作者が書いた、いちばん有名な本はたぶん「ものぐさトミー」(岩波書店 1977)。
ここでもまた作者の表記が変わり、「ペーン・デュボア」。
また作者は、「ねずみ女房」(ルーマー・ゴッデン 福音館書店 1977)のさし絵を描いたことでも有名(ここでも人名表記が変わる。

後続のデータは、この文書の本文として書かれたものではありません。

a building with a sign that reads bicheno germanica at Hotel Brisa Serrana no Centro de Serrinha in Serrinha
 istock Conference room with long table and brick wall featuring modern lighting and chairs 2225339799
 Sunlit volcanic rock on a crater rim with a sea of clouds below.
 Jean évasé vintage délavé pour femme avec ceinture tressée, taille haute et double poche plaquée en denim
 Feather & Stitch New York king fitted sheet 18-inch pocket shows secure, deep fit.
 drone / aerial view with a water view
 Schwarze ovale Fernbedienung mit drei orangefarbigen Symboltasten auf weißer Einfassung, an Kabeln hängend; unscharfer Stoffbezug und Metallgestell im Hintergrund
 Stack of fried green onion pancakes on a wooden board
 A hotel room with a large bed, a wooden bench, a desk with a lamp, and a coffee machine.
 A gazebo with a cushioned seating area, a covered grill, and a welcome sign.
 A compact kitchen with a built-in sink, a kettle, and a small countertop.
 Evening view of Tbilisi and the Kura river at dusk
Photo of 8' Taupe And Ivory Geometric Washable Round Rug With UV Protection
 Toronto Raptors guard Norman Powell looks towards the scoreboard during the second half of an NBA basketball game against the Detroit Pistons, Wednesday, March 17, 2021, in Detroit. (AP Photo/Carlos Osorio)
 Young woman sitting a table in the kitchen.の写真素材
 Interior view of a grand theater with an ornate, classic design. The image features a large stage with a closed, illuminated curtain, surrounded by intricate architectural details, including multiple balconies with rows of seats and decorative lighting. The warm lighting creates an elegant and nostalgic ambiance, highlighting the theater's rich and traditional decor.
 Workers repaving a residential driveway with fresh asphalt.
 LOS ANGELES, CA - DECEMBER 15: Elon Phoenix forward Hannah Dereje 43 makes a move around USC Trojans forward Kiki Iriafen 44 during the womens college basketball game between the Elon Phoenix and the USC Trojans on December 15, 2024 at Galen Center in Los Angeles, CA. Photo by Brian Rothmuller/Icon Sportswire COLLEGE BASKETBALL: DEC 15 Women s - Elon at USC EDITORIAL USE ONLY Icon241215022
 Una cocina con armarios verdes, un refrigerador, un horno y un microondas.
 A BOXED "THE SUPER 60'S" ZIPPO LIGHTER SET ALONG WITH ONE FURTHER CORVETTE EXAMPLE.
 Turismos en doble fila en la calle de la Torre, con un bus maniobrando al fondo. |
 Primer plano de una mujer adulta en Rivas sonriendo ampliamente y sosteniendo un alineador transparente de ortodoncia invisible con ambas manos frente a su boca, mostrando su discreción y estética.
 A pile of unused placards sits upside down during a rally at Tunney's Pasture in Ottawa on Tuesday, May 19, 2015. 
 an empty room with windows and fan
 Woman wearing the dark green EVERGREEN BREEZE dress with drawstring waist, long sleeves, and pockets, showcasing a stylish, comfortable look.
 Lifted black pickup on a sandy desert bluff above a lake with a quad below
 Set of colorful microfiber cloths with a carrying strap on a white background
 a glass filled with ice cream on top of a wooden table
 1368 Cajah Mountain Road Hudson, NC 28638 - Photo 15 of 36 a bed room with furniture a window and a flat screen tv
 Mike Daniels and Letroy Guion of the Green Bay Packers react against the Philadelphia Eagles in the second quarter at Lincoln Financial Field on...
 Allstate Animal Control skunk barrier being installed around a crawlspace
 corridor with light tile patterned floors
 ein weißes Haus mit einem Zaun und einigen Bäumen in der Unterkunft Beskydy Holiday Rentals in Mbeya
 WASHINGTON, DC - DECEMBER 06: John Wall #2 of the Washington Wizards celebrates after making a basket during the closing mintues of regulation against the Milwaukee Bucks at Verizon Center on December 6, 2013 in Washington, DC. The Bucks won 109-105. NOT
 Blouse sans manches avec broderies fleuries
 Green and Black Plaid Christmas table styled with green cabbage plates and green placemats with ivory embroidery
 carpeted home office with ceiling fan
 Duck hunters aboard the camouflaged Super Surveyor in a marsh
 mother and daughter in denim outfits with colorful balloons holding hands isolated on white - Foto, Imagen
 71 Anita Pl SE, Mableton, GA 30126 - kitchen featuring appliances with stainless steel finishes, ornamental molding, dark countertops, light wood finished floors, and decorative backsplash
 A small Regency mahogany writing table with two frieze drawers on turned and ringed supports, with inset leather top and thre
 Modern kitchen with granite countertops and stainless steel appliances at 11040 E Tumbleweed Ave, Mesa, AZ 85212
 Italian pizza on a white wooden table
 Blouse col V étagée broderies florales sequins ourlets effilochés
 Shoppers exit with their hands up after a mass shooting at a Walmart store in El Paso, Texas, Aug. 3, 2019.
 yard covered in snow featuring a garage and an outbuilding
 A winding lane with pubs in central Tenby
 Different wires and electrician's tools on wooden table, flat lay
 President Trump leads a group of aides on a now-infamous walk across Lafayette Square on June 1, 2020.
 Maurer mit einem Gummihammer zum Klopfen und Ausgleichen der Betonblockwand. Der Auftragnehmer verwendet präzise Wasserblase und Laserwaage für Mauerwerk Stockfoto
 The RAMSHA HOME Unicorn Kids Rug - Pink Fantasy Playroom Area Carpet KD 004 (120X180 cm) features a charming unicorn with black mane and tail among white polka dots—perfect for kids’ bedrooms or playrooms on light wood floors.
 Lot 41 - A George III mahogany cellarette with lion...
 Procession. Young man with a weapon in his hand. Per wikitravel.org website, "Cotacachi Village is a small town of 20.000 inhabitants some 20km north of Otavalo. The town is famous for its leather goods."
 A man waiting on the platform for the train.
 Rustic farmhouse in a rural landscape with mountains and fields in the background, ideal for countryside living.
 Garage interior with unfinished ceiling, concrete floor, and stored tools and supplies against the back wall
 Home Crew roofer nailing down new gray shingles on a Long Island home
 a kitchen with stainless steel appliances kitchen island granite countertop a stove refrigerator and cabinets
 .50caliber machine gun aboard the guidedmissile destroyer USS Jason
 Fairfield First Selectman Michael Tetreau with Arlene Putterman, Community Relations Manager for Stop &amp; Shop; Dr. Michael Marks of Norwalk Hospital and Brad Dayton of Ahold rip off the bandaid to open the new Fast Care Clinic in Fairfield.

まったくもう)。
さて、ストーリー。
主人公は作家の〈わたし〉、ビル。
「クマさんの世界おたのしみ旅行」という旅行ガイドを書くために、各地を歴訪中。
ヨーロッパのとある都市のホテルに着くと、そこに手紙が。
差出人はエル=ムチャーチョ・イ・コンパニーア。
スペイン語で少年協会というような意味。
内容は、貴下はただちにほかのホテルにうつられたし、というもの。
ビルは手紙にしたがわず、部屋に逗留。
すると、怪しいことに、真向かいの建物は歩道から屋上まで、板塀ですっかりかこってあることに気づく。
また、発電所が爆撃されたという想定の、夜間防空演習がはじまる。
向かいの建物に、なにかうごきがあるにちがいないと、ビルはバルコニーで見張りをするものの、サーチライトを浴びせられ、けっきょくなにもわからず。
翌日、怪しい建物では、前で式典がおこなわれたり、サーカスのトラックが入っていったり。
さらに、真向かいにある窓から巨大な目がのぞいているのに気がつき、ビルは卒倒。
その後、少年協会からは昼食の招待状が。
事務局長のフェルナンドは、ビルをほかの場所にうつそうと買収をしにきたのだけれど、ビルが巨大な目をみたことをいうと、巨人ぼうやの生い立ちについて話はじめる…。
作者が描くさし絵は、絵のなかにちゃんと重力が感じられような、空間が表現された絵。
ぼうやの巨大感がよくでている。
それと同じ想像力が、文章のなかでもみられる。
ぼうやと会ったビルは、ぼうやにつまみ上げられるのだけれど、そのスピードのためビルは目をまわしてしまう、とか。
また、あるとき、建物のまえでご婦人の髪の毛が逆立ち、紳士のカツラが舞い上がるというできごとが。
これは、ぼうやが髪をとかしたさいにおこった静電気のため。
作者の想像力は、絵を描くひとにふさわしく、空間的、物理的によくいきとどいたはたらきぶりをみせている。
ぼうやがスペイン語しかできず、英語しかできないビルと話ができないという設定はうまい。
ビルとぼうやのあいだにフェルナンドが入ることにより、作品にリアリティが生まれるし、想像力はおもに空間的なことに限定されるから、統一感が生まれる。
ビルとぼうやが話ができたら、たぶん収集がつかなくなっていたんじゃないだろうか。
後半のストーリーの焦点は、ぼうやが街のひとに受け入れられるかどうかというもの。
もちろん、児童書らしいあたたかいラストが待っている。